Art was integral to protest around the Berlin Wall itself after it was built.
“People risked their lives to paint on the Berlin Wall,” Henderson said. “It may have seemed like a small act at the time, but it was a way of exercising their voice.”
That’s what she hopes students take away from the exhibit — that finding a way to express their opinions and perspective is important and powerful.
“You guys have the same voice, the same autonomy those people did. Young people, especially, are the people who lead revolutions and effect change,” she said.
That can look like anything from voting to writing a poem or leading a protest to making a mural like the ones going up on the exhibit, she said.
Metro sophomore Habib Saba and senior Jack Garland were part of a team of students who worked with local contractor union members to design and construct the wall. They said it is gratifying to know their work will be seen by the community throughout the summer.
“I come down here a lot, and it will be nice to say, ‘Oh, I did that,’” Saba said.
Garland added that he’d enjoyed learning the history of the original Berlin Wall. This feels like a connection with that story.
“It’s a part of history,” he said.
In addition to participating in the wall’s construction and decoration, students will meet with Slovak Ambassador Ivan Korcok before he delivers the keynote address at the opening ceremony. The ambassador and a group of 11 Slovak diplomats from around the United States will join Cedar Rapids Mayor Hart on Friday for a luncheon and a “keys to the city” presentation, followed by an economic forum and bus tour of Cedar Rapids with the Cedar Rapids Metro Economic Alliance. On Saturday, the diplomats will hold their annual meeting at the museum.
If You Go
• What: Exhibit opening: Revolution Starts in the Streets
• When: 1:30 to 2:30 p.m. today. Exhibit open through Nov. 9.
• Where: National Czech & Slovak Museum & Library, 1400 Inspiration Place SW, Cedar Rapids
• Details: Slovak Ambassador Extraordinary and Plenipotentiary Ivan Korcok will speak about his personal experience under communism and the Berlin Wall and representatives from the Smithsonian will be in attendance in celebration of the museum’s Smithsonian Affiliation. A reception in the Rozek Grand Hall will follow the art unveiling on the south lawn.
• What: Visit from Egyptian street artist Ganzeer: free lecture 7 p.m.
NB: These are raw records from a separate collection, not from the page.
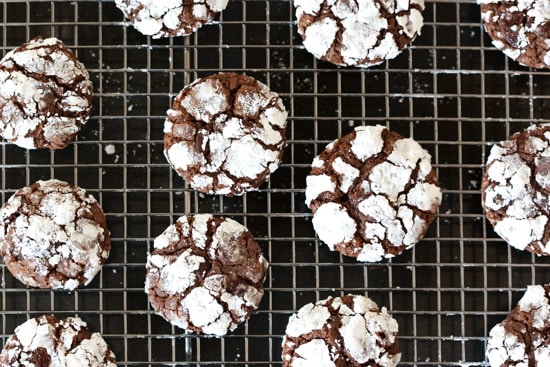 Chocolate Crackle Cookies on cooling rack | pinchmysalt.com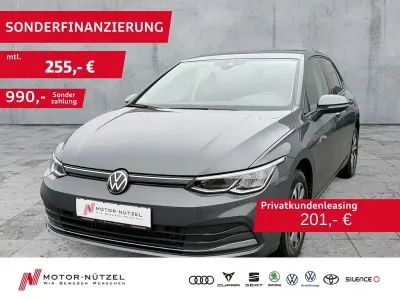 Używany VW Golf VIII Active 116 KM (85 kW) 2023 Szary Sedan/Limuzyna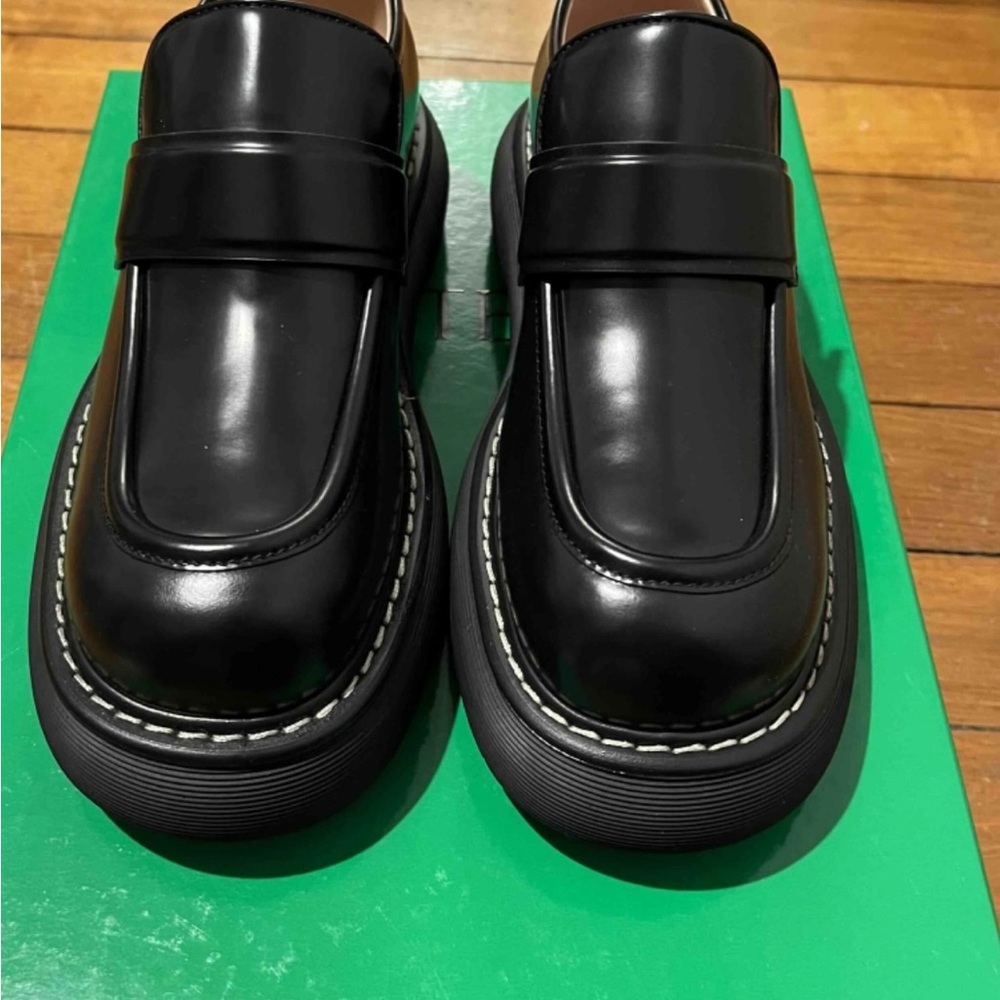 Bottega Veneta. Gorgeous shoes. Box included. Never worn - Picture 4 of 5
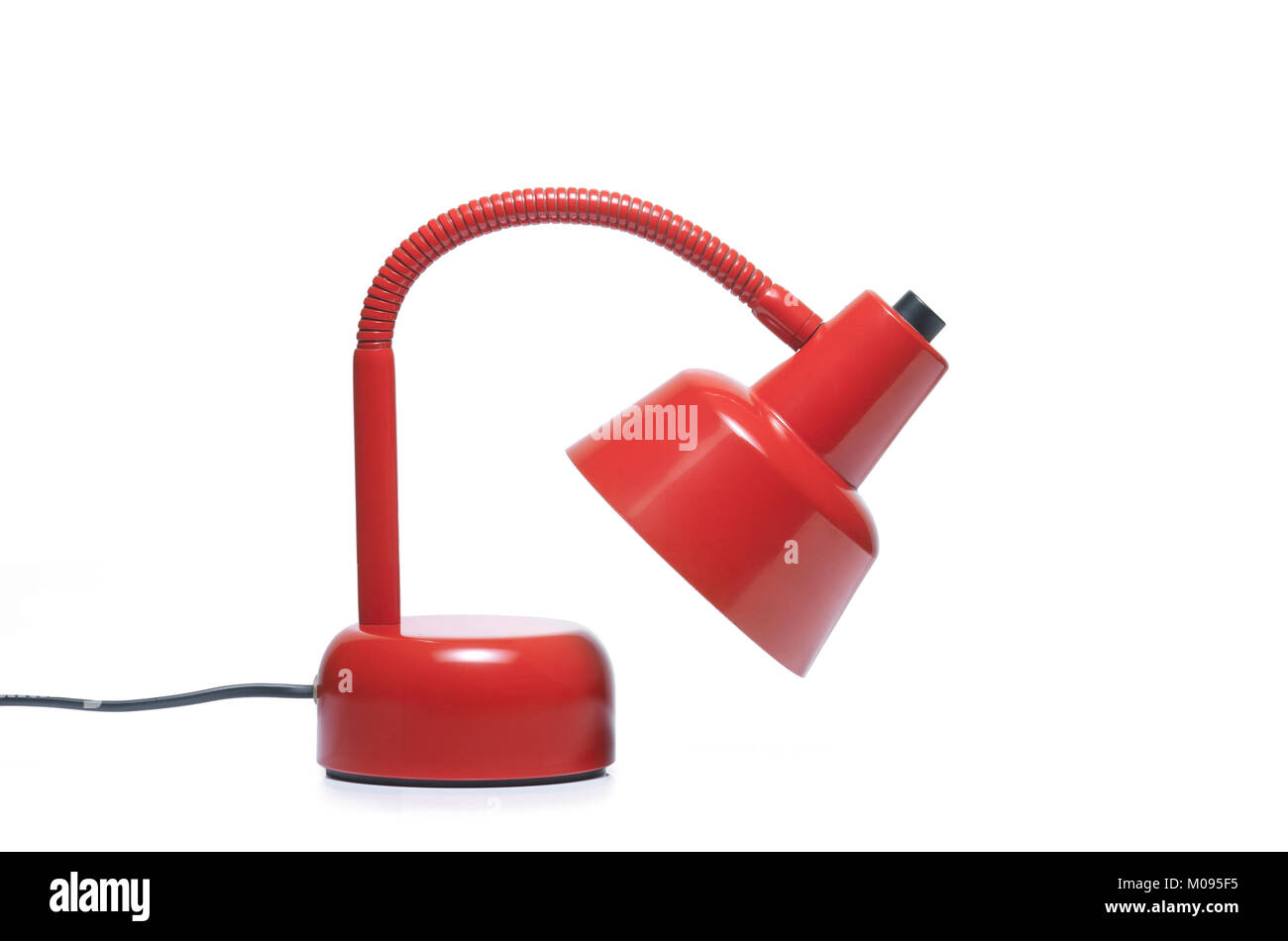 Couleur rouge desklamp et fil électrique sur fond blanc. clipping path Banque D'Images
June 6; street art workshop 5 to 8 p.m. June 7 and 10 a.m. to 1 p.m. June 8. Registration required for workshop; cost is $50 or $20 for students.
• What: Artist Thomas Agran will facilitate a community “paint-by-number” art project on the wall, during the museum’s Summer Family Free Day, July 27
• What: Visit from Iowa-born, Los Angeles-based artist Rose Couch, August 19 to 23
• What: Visit from Czech street artist Jan Kalab: lecture and book signing Sept. 10; art workshop Sept. 12
• Additional details of all events will be announced at ncsml.org.